Provided data
▽

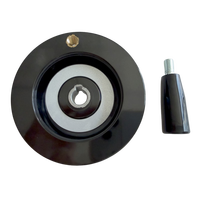 Volante de bakelite negro con asa giratoria y radios completos, volante sólido para máquina de torno, volante con parte trasera corrugada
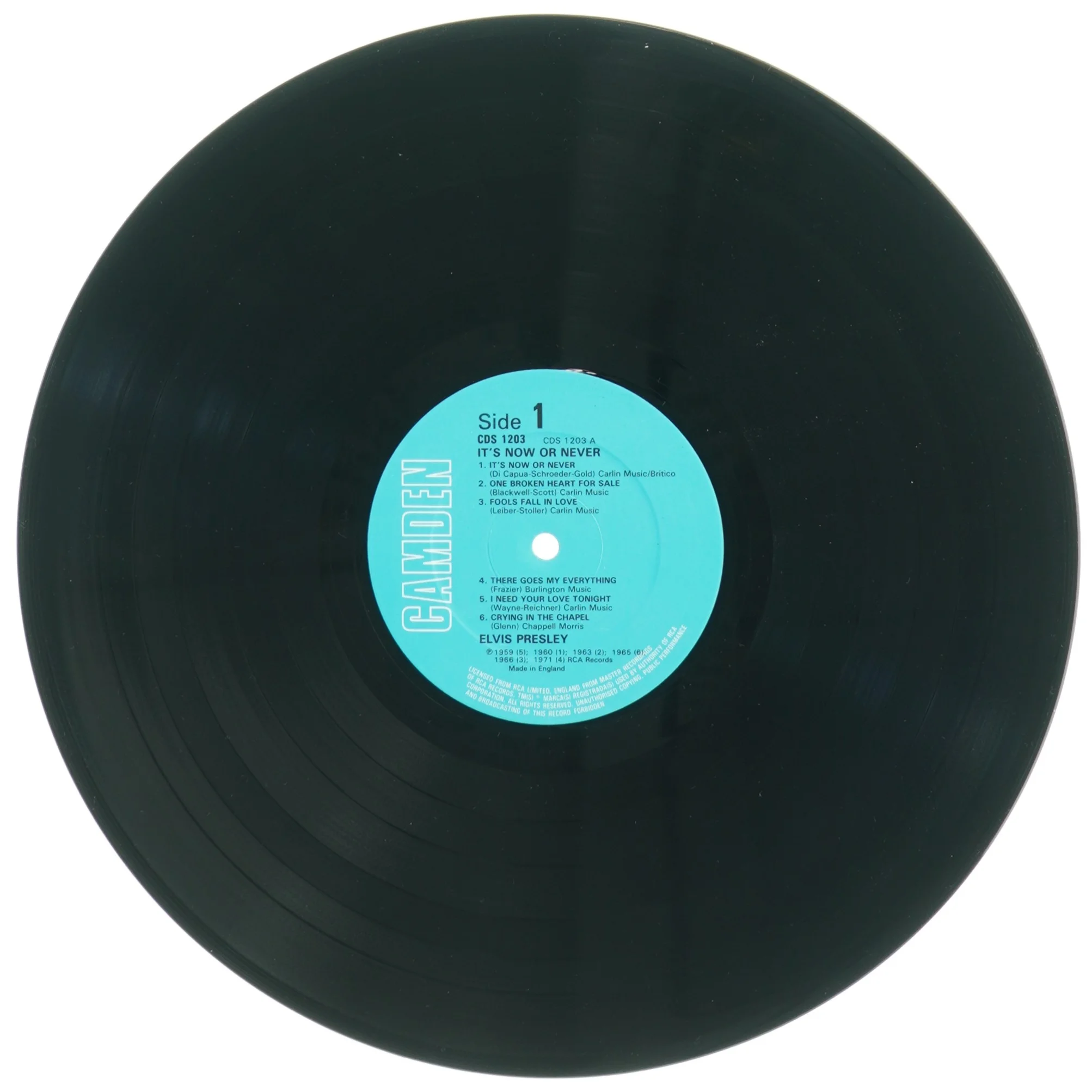 Elvis Presley vinylplade fra Camden (str. 31 x 31 cm)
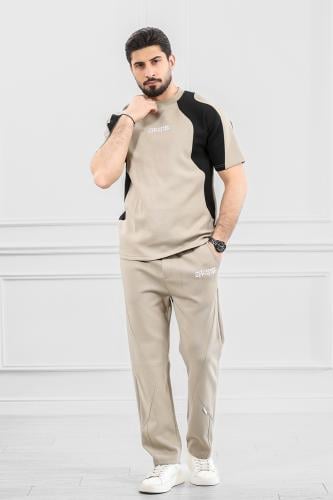 طقم رجالي أوفر سايز نص كم بنطال طويل
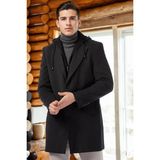 Dewberry Erkek Palto Antrasit %70 Yün %30 Polyester Orta Kalınlık Uzun Kol 2XL - Siyah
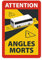 Angles Morts - Toter Winkel - Schild magnetisch A5,4 Stück, Hinweisschild für Bus-Wohnmobil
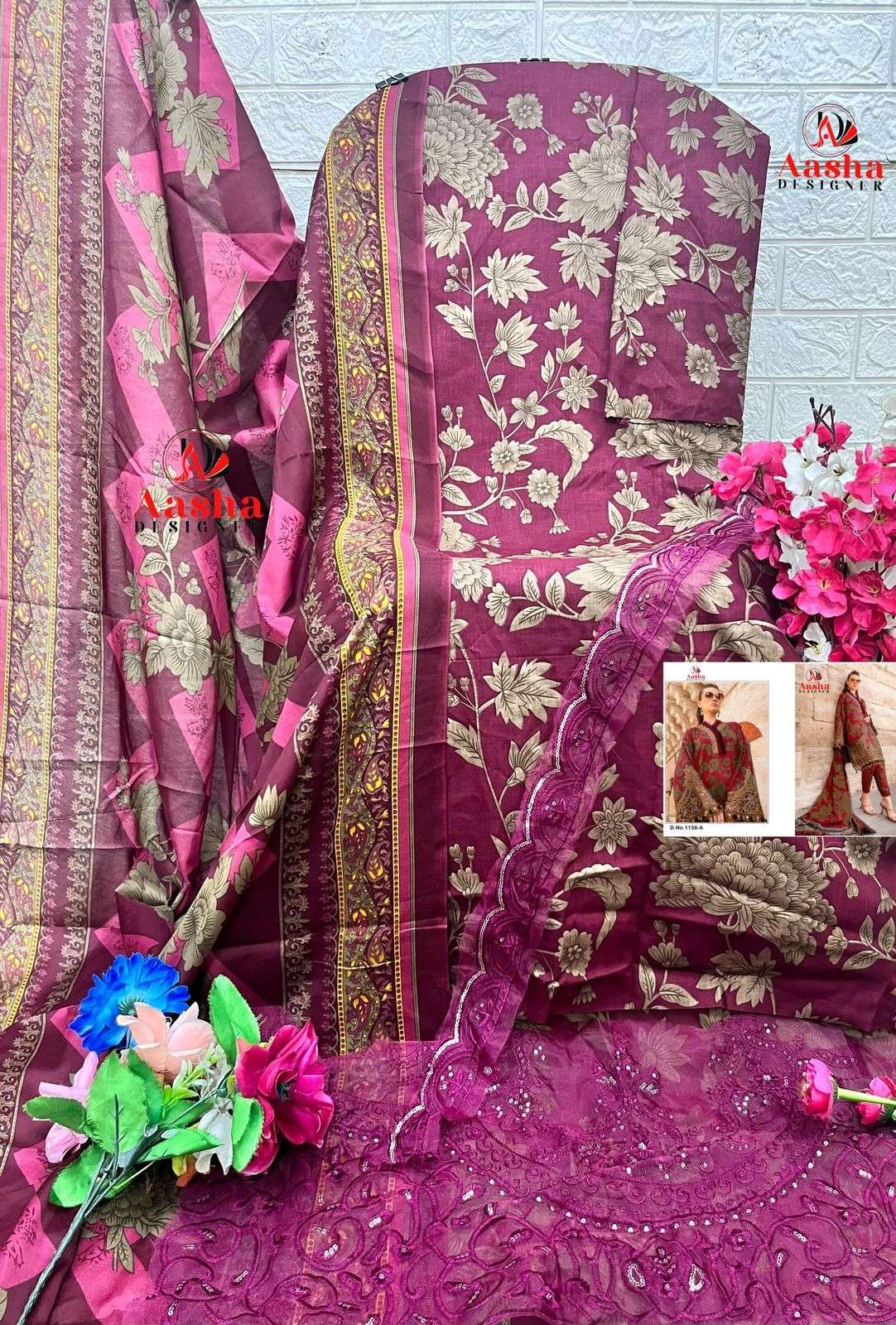 AASHA DESIGNER DESIGN NO - 1158 AB PURE COTTON PRINT HEAVY EMBROIDERED PACTH PAKISTANI SALWAR SUIT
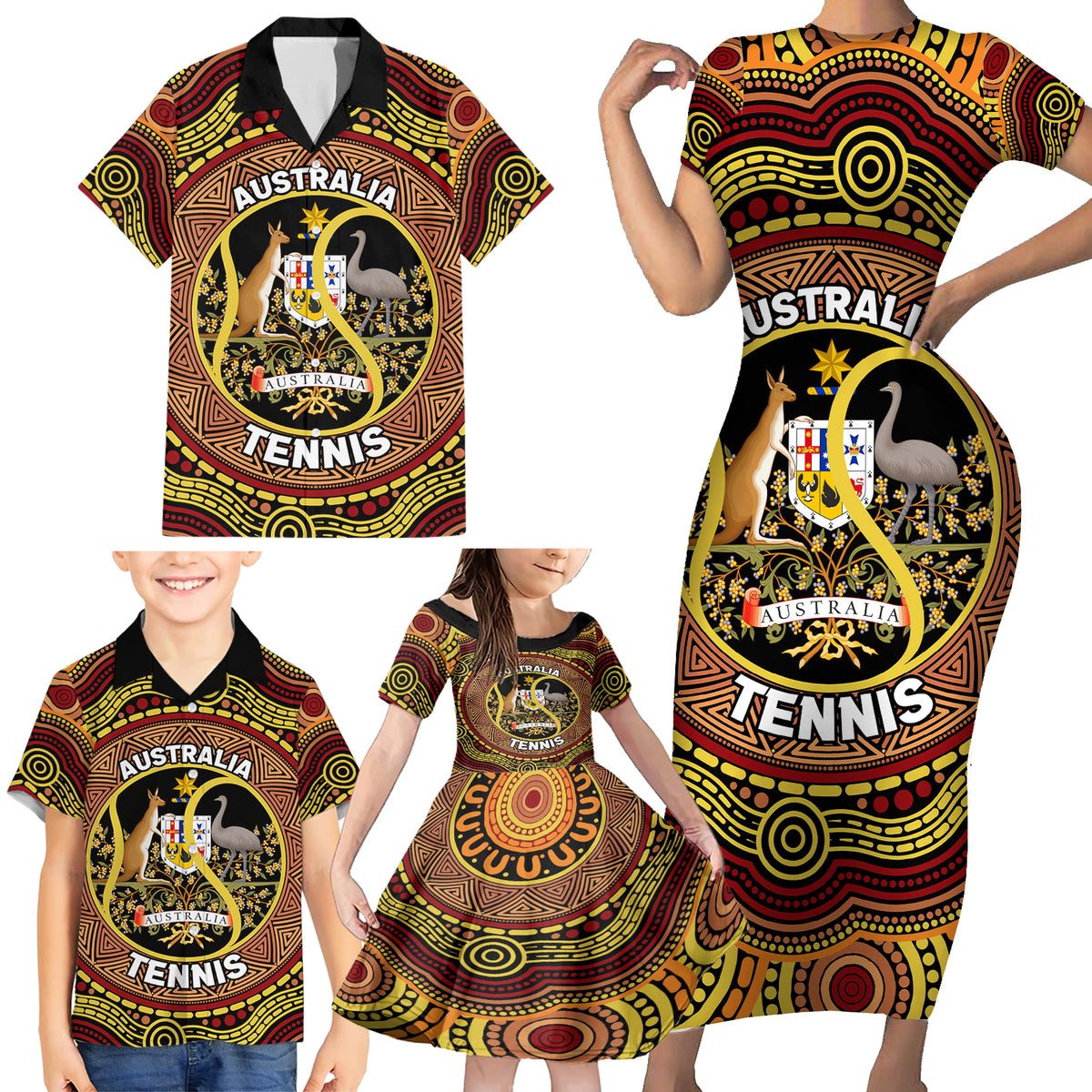 Personalised Australia Tennis Family Matching Short Sleeve Bodycon Dress and Hawaiian Shirt Aussie Indigenous Art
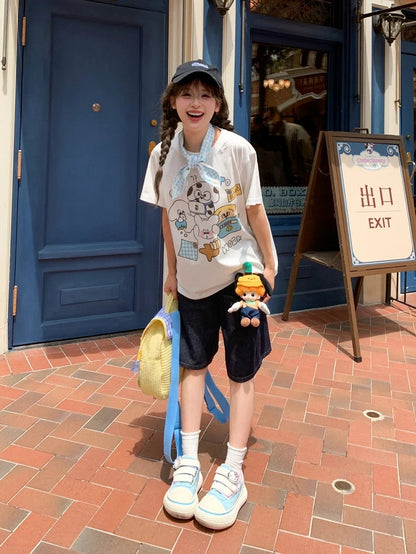 Adorable Animal Print White Round Neck Loose Cotton T-shirt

△

Aim of the task
Using the data above, print every line exactly, omitting pictures.

Written answer
 Volante de bakelite negro con asa giratoria y radios completos, volante sólido para máquina de torno, volante con parte trasera corrugada
 Elvis Presley vinylplade fra Camden (str. 31 x 31 cm)
 طقم رجالي أوفر سايز نص كم بنطال طويل
 Dewberry Erkek Palto Antrasit %70 Yün %30 Polyester Orta Kalınlık Uzun Kol 2XL - Siyah
 Angles Morts - Toter Winkel - Schild magnetisch A5,4 Stück, Hinweisschild für Bus-Wohnmobil
 AASHA DESIGNER DESIGN NO - 1158 AB PURE COTTON PRINT HEAVY EMBROIDERED PACTH PAKISTANI SALWAR SUIT
 Personalised Australia Tennis Family Matching Short Sleeve Bodycon Dress and Hawaiian Shirt Aussie Indigenous Art
 Adorable Animal Print White Round Neck Loose Cotton T-shirt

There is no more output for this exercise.